Website Navigation Design: Menus, Architecture, and Wayfinding

7 min read·Updated March 2026

Information architecture: organizing content logically

Information architecture (IA) is the structural blueprint of your website. Before designing menus, you need to organize your content into a logical hierarchy:

  • Card sorting — Have 5-10 people group your pages into categories. This reveals how real users think about your content, which often differs from how your team organizes it internally.
  • Keep depth shallow — Users should reach any page in 3 clicks or fewer from the homepage. Deep nesting (Home > Products > Category > Subcategory > Item) creates friction and hurts crawlability.
  • Group by user intent, not internal structure — Users don't care about your org chart. Group "Pricing," "Plans," and "Free Trial" under one umbrella even if they belong to different departments.
  • Limit top-level items — The primary navigation should have 5-7 items maximum. Miller's Law suggests people can hold 7 (plus or minus 2) items in working memory. More than that, and decision fatigue sets in.

Tip

Name navigation items using the words your users use, not your internal jargon. If customers call it "Pricing" don't label it "Investment Options" or "Plans & Packages."
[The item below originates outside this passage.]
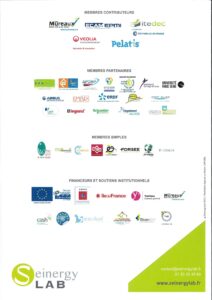 Les premiers membres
Designing effective mega menus

Mega menus display a large, multi-column dropdown when hovering over (or clicking) a top-level navigation item. They're ideal for sites with extensive content catalogs:

  • Organize by user tasks — Group links by what users want to accomplish, not by your product taxonomy. A "Solutions" mega menu organized by industry or use case outperforms one organized by product name.
  • Use visual hierarchy — Bold category headings, regular-weight links beneath. Add icons or small images for key items. Don't make everything the same visual weight.
  • Limit to 2 levels — Mega menus should show categories and their immediate children. If you need sub-subcategories, your IA needs simplifying.
  • Handle hover intent — Add a small delay (200-300ms) before opening and closing the mega menu. This prevents accidental triggers when the cursor passes over the navigation. Use JavaScript hover intent libraries, not pure CSS :hover.
  • Make it accessible — Mega menus must be keyboard-navigable, include proper ARIA roles (role="menu", role="menuitem"), and work with screen readers. Close on Escape key press.